# Need HELP



## GPHunt11 (May 7, 2014)

To start off im a fairly novice shooter and new to bow tuning. Early this spring I got my DL corrected at the local pro shop and was feeling pretty comfortable with the bow. I was able to shoot a lot of arrows this spring and was starting to feel comfortable shooting from 60-65yds but I was noticing that the arrows were not comming out of the bow straight so after some online research I tried paper tuning and was able to in a few adjustments consistently shoot bullet holes in my paper.
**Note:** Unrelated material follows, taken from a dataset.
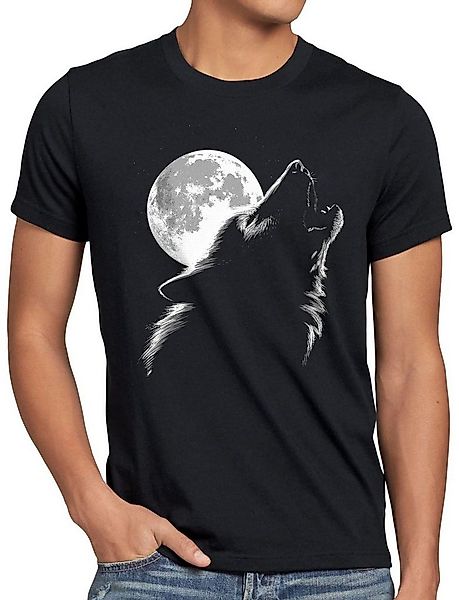 style3 T-Shirt Heulender Wolf bei Vollmond rudel wald günstig online kaufen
In paper tuning the bow I had moved my nocking point up the string so when I went outside to sight in again my peep sight was low as well as my kisser so I removed the kisser feeling as confident as ever in my form and moved my peep up to where it felt natural again. As I start sighting im having to increase my elevation to a point where I run out of elevation adjustment on the sight and started moving pins around, still to hit at 30yds I have to use my 40yd pin. Ive exhausted what little knowledge I have of bow tuning and in need of some sound advice. The only thing I can think of is maybe my string is finally worked in and may have stretched just enough to throw everything off as my peep did just start sliding up the string last week so I had to try it in.
Thanks


----------



## aread (Dec 25, 2009)

What sight are you using?

Some can be brought closer to the riser.


----------



## GPHunt11 (May 7, 2014)

That thought dawned on me a little late I am able to move the sight closer to the riser but im all out of wack so going to take to the pro shop and get it renocked and leveled out at square again and start over bringing the sight closer to the riser this time. Thanks for the input.


----------



## Huntinsker (Feb 9, 2012)

A lot of sights have a mounting bracket that you can flip over to gain more vertical adjustment. That could help in your case too.


----------



## GPHunt11 (May 7, 2014)

The sight is Black Gold- Rush and ill have to look to see if I can flip it


----------



## Huntinsker (Feb 9, 2012)

Nope the Rush is one sight that has a straight bracket and that's it.


----------



## mike 66 (Jan 21, 2010)

sounds like a peep issue to me... here is how to check your peep.... shoot a few arrows .on your last arrow dig your knuckles in the jaw bone HARD ..shoot it . then reload come to full draw while closing both eyes hit your anchor spot///WITHOUT moving your head open your eyes.. the peep should be PERFECT in the sight a halo... do this a few times..peep alignment is VERY important....keep the string to the tip of your nose if the bow will allow it..... it never moves its always in the same spot, where kissers can be manipulated..


----------



## GPHunt11 (May 7, 2014)

Thanks for the input I took to the pro shop this morning and reset the bow and did some peper tuning and everything seems to be backs on track


----------